The central bank finally replenished the withdrawn currency after putting citizens through months of agonizing hardship. Informal enterprises, which back then had no digital alternatives to make or receive payments, cratered. The poor were badly hit. More than 100 people are believed to have died, waiting in queues to access their own funds; some bank tellers collapsed from exhaustion.
You would think the country would have learned its lesson? Wrong. Once again, India wants people to look into their wallets and cash tills and do due diligence on their pink 2,000 rupees.

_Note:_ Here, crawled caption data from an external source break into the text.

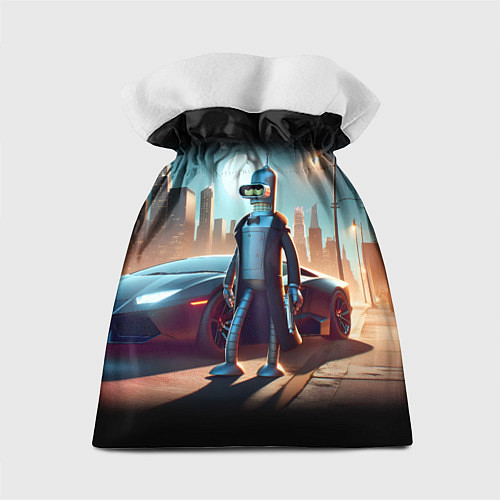 Подарочный мешок Бендер с пистолетом - Нью-Йоркская мафия / 3D-принт – фото 2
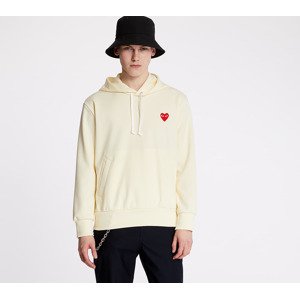 Mikina Comme des Garçons PLAY Hoodie Ivory L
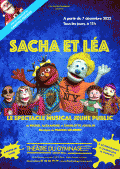 Affiche Sacha et Léa - Théâtre du Gymnase	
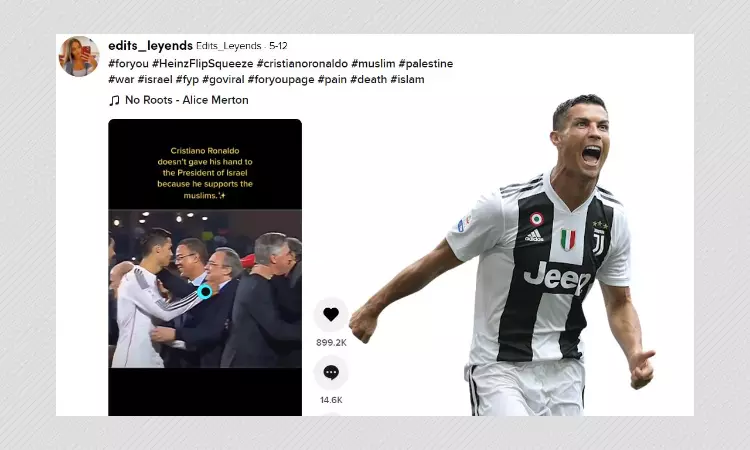 Old Video Falsely Shared As Cristiano Ronaldo Snubbing Israeli President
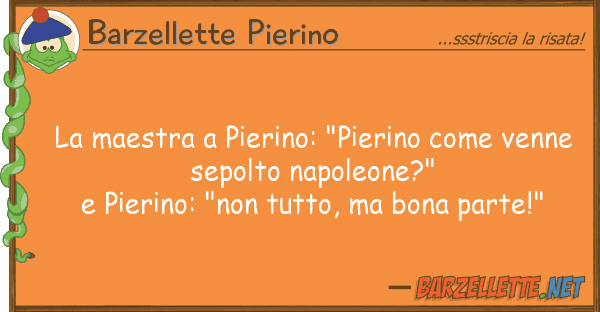 Barzellette Pierino maestra pierino: "pierino venn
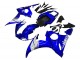 Blau Weiß 2005 Yamaha YZF 600 R6 Motorrad Verkleidung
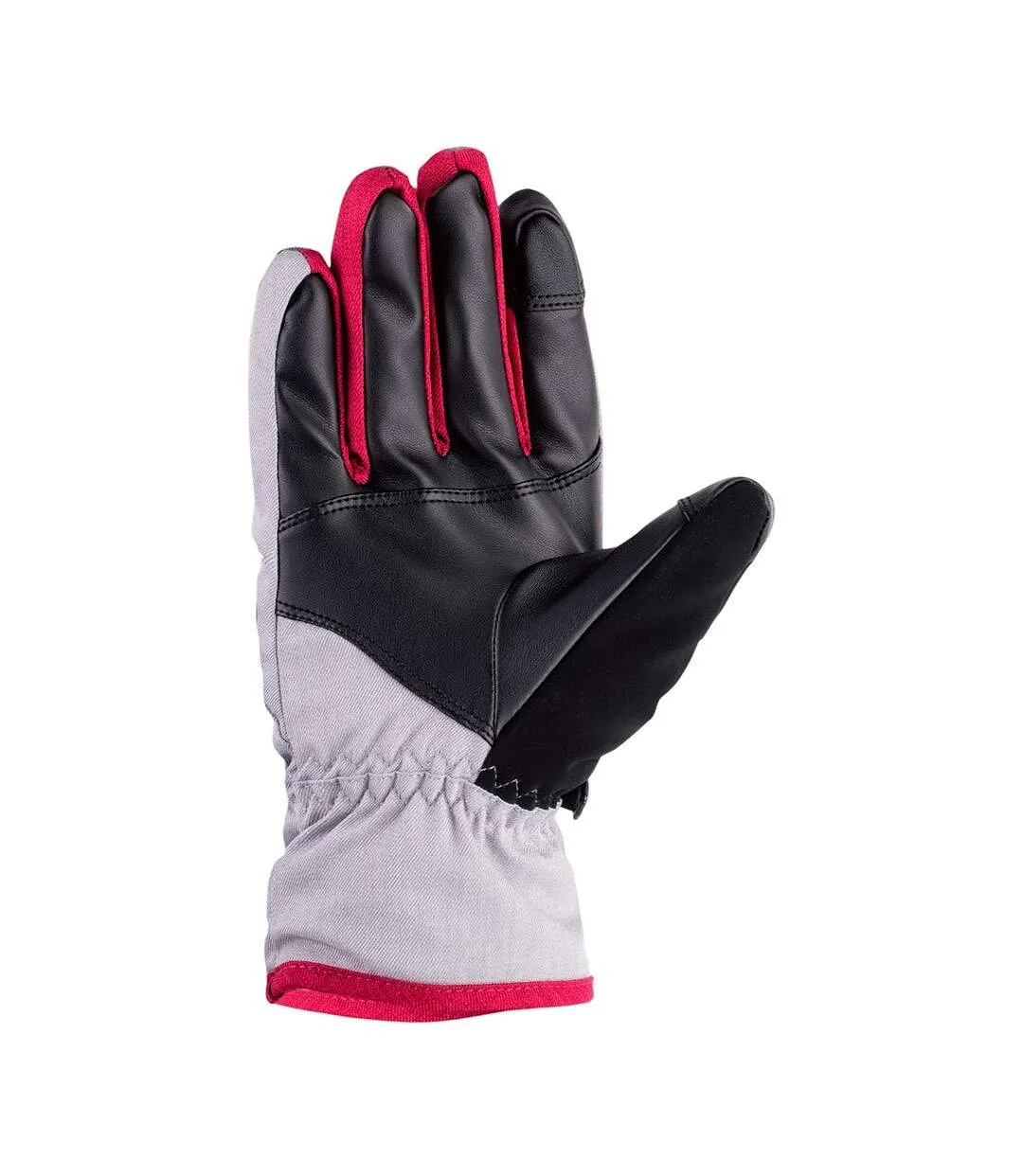 Womens/ladies huri ski gloves microchip melange/december sky/sangria pink Hi-Tec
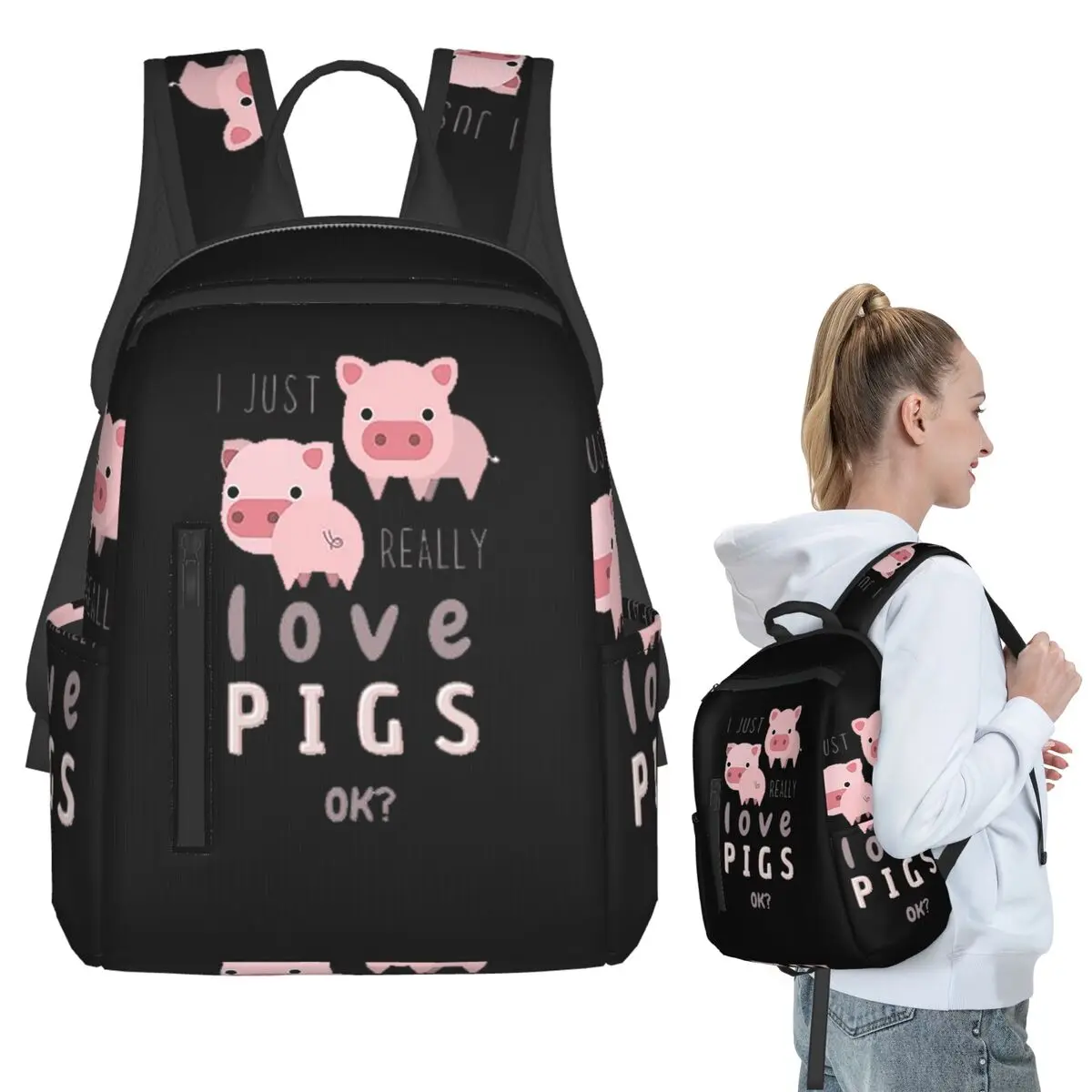 Funny Pigs For Pig Lovers Backpack Student BookBag Children School Bag Laptop Shoulder Bags Boys Girls
Funny Pigs For Pig Lovers Backpack Student BookBag Children School Bag Laptop Shoulder Bags Boys Girls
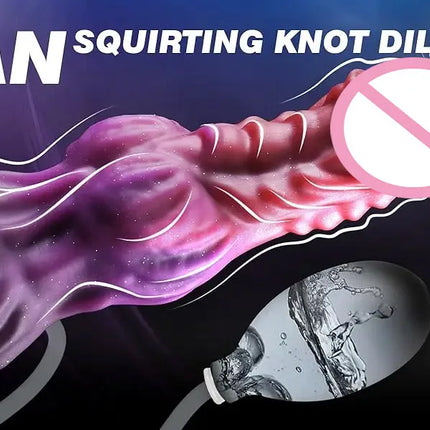 Huge Monster Dildo Squirting Fantasy Dildo Dragon Horse Dog Dildo Knotted Ejaculating Toy Big Anal Silicone Adult Toys for Women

Other monetary authorities, too, periodically refresh their decks. The 10,000 Singapore dollar ($7,400) note was retired a decade ago because of money-laundering and terror-financing concerns. But it remains legal tender, as do S$1,000 bills, which went away in 2021. What it means is that the Monetary Authority of Singapore no longer issues those denominations. But if you discover them in your aunt’s attic, they’re still very much money and not worthless paper.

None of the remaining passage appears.